La parole de l’Éternel me fut adressée en ces mots : Avant que je ne te forme dans le ventre de ta mère, Je te connaissais, Et avant que tu ne sortes de son sein, Je t’avais consacré, Je t’avais établi prophète pour les nations.

Avant que tu ne viennes au monde, Dieu te connaissais. Ta venue n’est pas le fruit du hasard. Ta vie n’est pas un accident. Ta vie n’est pas un aléa des circonstances. Ta naissance est un événement prévu, désiré, attendu dans l’agenda de Dieu. Et pas seulement dans son agenda, mais dans son cœur. Je te connaissais, te dit le Seigneur. Ce mot hébreu signifie : je te connaissais d’intimité, je te connaissais pas de te croiser au détour de l’histoire humaine, mais je te connaissais pour t’avoir aimé. Je te connais, je sais qui tu es, je sais ce qui t’habite, je sais tes craintes et tes aspirations. C’est un connaître issue d’un amour proche. Dieu nous a désirés. Il a voulu que notre naissance soit un événement pour lui, et qu’elle le devienne pour ce monde.

Cela suscite en nous une appréhension autant qu’une joie : l’appréhension de découvrir que si Dieu nous a voulus ce n’est pas juste pour que nous vivions égoïstement et confortablement notre vie. Si Dieu t’a voulu c’est parce qu’il a une bonne raison. C’est qu’il a une mission pour toi : avant que tu ne viennes au monde, je t’avais consacré. En hébreu : je t’avais mis à part.
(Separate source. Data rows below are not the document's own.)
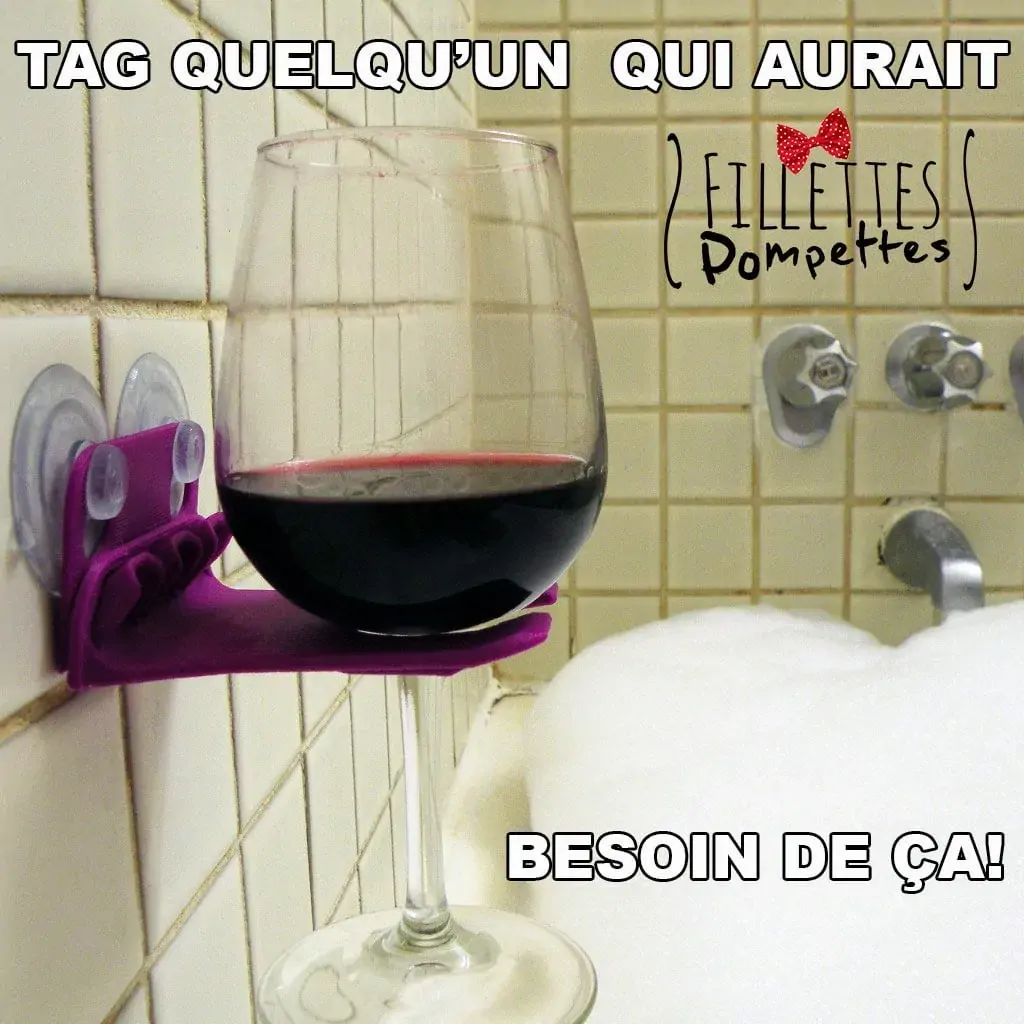 Porte verre de vin pour le bain – Fillettes Pompettes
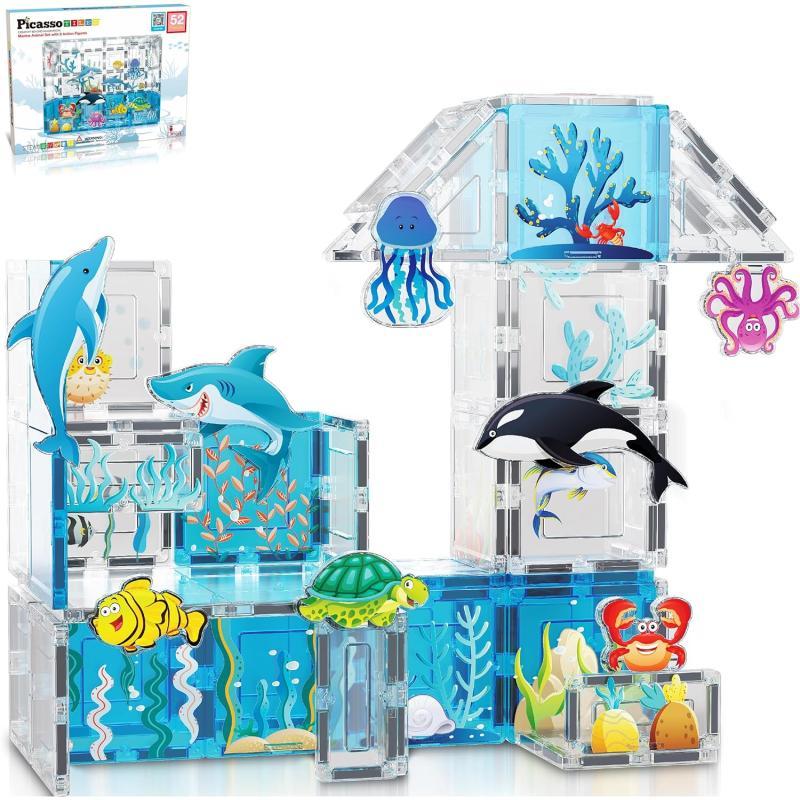 PicassoTiles Magnet Tile Building Blocks Aquarium Marine Animal Theme Set with 8 Character Action Figures STEM Construction Magnetic Tiles Toy Preschool Toddlers Kids Boys Girls Toys 3 PTQ15PicassoTiles Magnet Tile Building Blocks Aquarium Marine Animal Theme Set with 8 Character Action Figures STEM Construction Magnetic Tiles Toy Preschool Toddlers Kids Boys Girls Toys 3 PTQ15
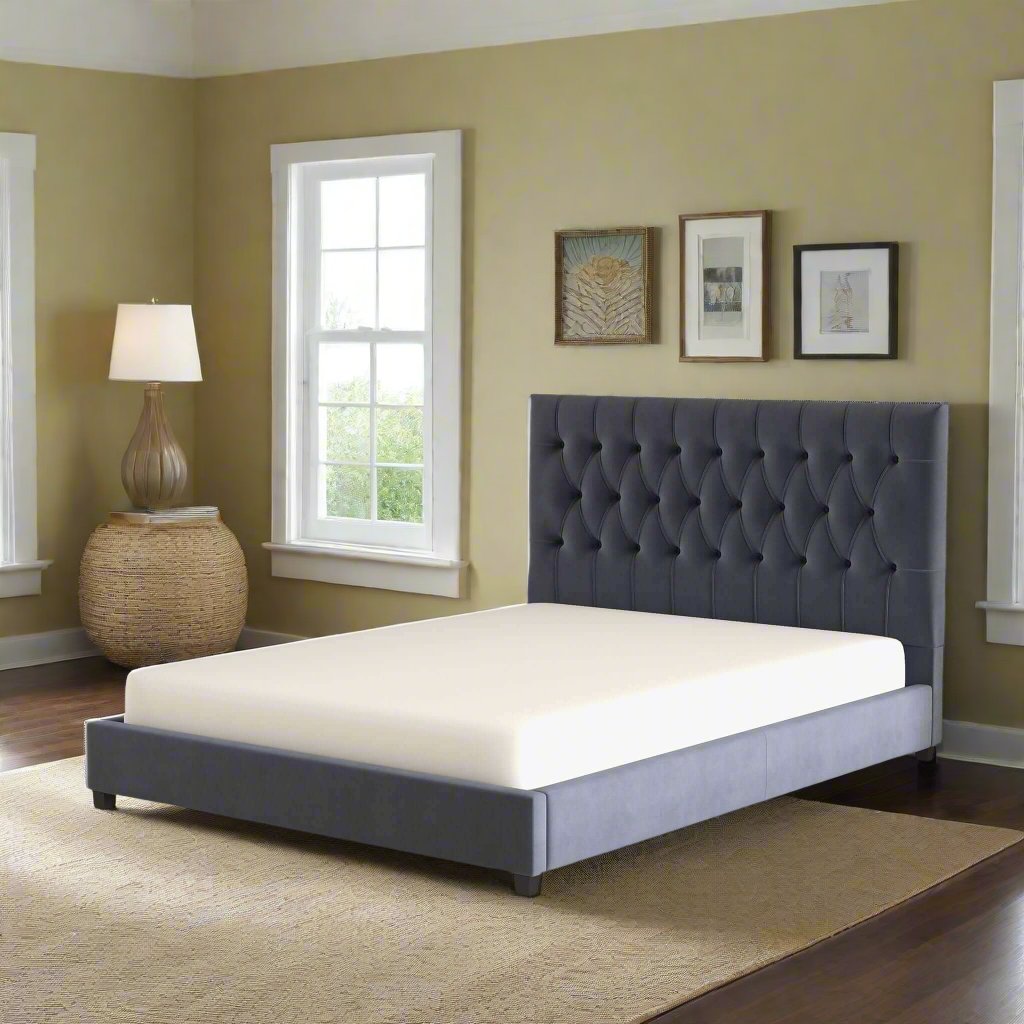 Donald Mid Century Modern Grey Velvet Platform Bed Queen Left Angle View Photo.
Comme le dit Römer, prof. d’Ancien Testament à Lausanne : être mis à part fait de toi un marginal[3]. Nous serions donc appelés à être des marginaux ?!…

Eh oui !!! Dieu ne nous met pas à part pour que nous chantions une berceuse à nos contemporains, mais pour que nous sonnions la diane. Oui nous sommes appelés à être marginaux par rapport au politiquement correct. Seuls les poissons morts suivent le courant, comme le dit le titre d’un livre[4]. Aucun prophète n’a suivi le courant. Aucun saint n’a suivi le courant. Aucun réformateur n’a suivi le courant. Aucun apôtre n’a suivi le courant. Et une Eglise qui suit le courant est morte, car elle a étouffé la vitalité prophétique que la présence du Ressuscité veut lui insuffler[5].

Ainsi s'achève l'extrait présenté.